> _Task statement_: Leaving out all pictures, write out word for word the lines from the one containing "view of yard featuring fence" to the end of the data below.

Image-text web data
※ ※ ※

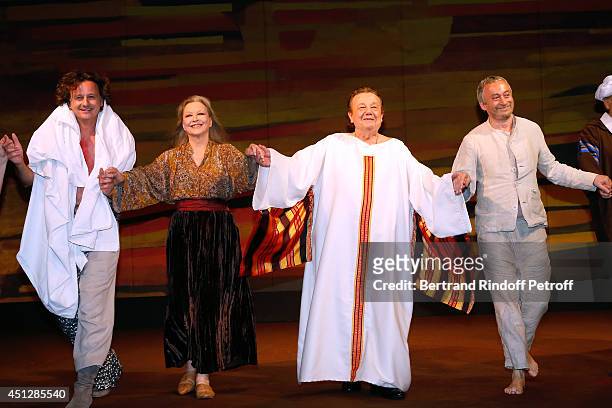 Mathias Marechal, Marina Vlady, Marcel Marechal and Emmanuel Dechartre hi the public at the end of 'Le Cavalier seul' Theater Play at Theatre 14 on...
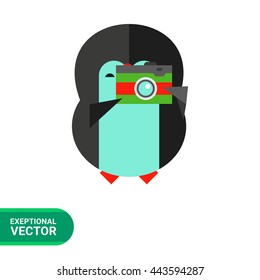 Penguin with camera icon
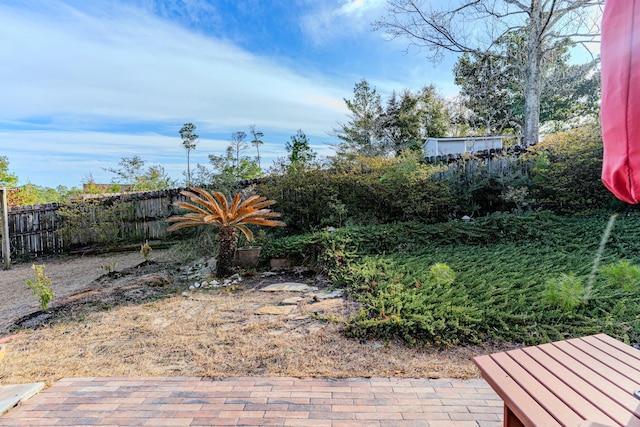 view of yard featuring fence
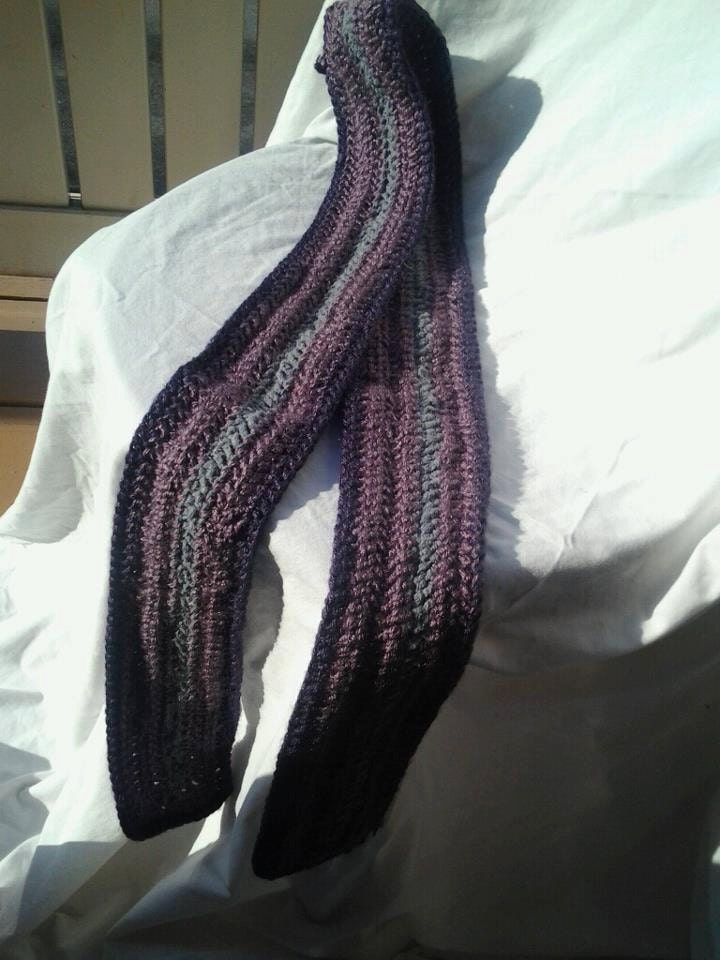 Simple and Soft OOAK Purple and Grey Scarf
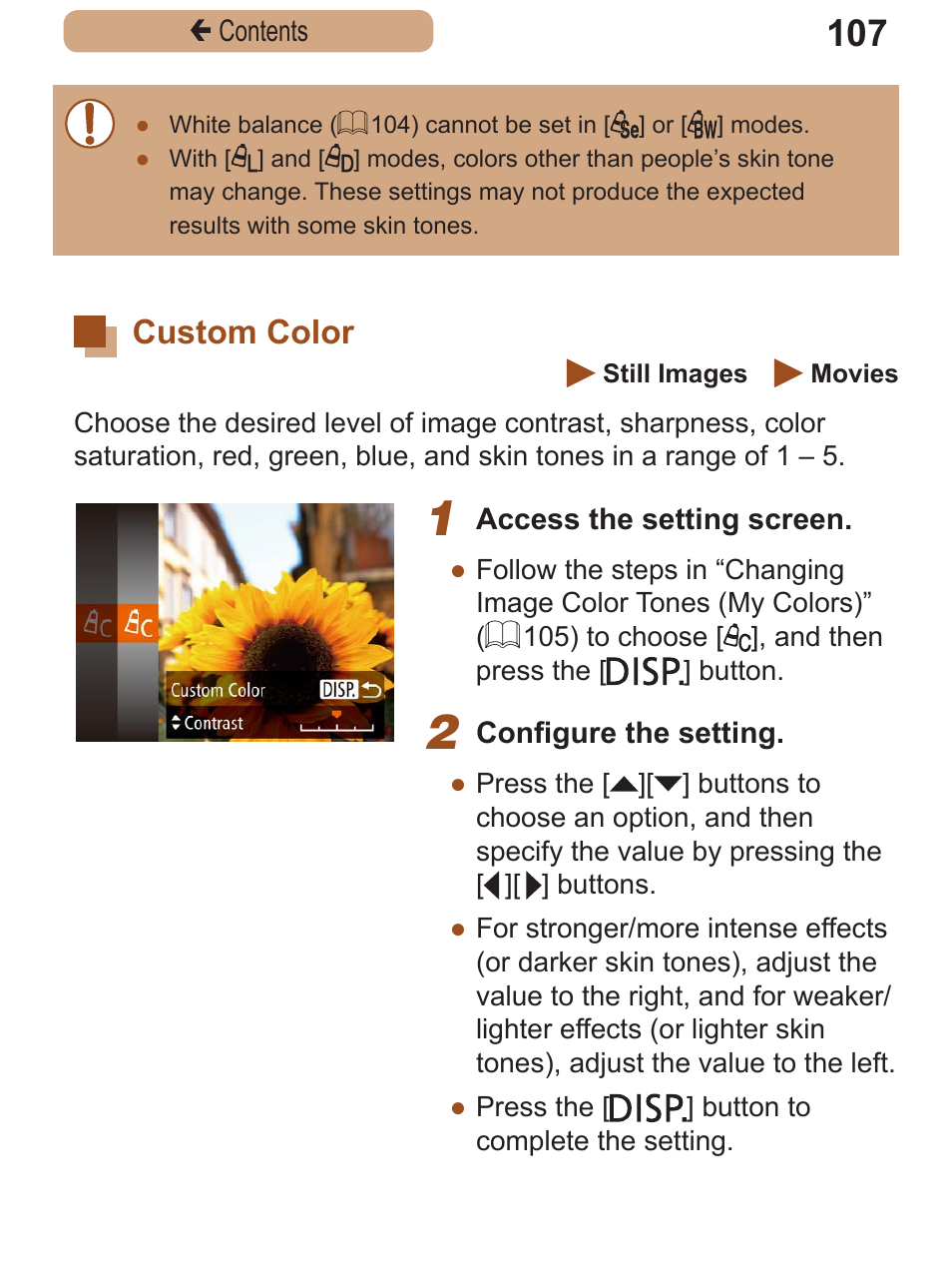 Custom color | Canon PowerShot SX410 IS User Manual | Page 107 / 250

※ ※ ※

> _Solution for this exercise_:
 view of yard featuring fence
 Simple and Soft OOAK Purple and Grey Scarf
 Custom color | Canon PowerShot SX410 IS User Manual | Page 107 / 250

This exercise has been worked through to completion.